─── Data supplied ───

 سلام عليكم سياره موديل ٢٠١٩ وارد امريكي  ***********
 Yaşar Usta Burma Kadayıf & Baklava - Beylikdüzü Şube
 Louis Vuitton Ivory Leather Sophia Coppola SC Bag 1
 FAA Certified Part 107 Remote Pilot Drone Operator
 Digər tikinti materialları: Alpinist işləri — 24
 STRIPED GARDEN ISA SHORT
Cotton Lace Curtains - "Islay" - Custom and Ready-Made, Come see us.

───
─── Data supplied ───

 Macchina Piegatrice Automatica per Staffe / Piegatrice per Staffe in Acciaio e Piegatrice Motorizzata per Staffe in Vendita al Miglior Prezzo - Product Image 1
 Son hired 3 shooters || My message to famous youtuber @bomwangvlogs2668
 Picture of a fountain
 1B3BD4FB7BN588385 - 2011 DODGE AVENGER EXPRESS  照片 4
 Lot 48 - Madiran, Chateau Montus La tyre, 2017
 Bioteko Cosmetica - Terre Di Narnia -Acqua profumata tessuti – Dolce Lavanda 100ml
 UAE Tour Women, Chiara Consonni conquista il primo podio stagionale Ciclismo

───
─── Data supplied ───

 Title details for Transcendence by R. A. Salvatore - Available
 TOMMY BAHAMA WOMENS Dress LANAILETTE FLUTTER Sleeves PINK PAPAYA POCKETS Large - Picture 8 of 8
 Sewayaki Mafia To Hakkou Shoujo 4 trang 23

───

§ **Aim of the task**
All that belongs in the answer is the run of lines above from the line containing "Picture of a fountain" through the line containing "UAE Tour Women, Chiara", exactly as written.

§ **Exercise solution**
 Picture of a fountain
 1B3BD4FB7BN588385 - 2011 DODGE AVENGER EXPRESS  照片 4
 Lot 48 - Madiran, Chateau Montus La tyre, 2017
 Bioteko Cosmetica - Terre Di Narnia -Acqua profumata tessuti – Dolce Lavanda 100ml
 UAE Tour Women, Chiara Consonni conquista il primo podio stagionale Ciclismo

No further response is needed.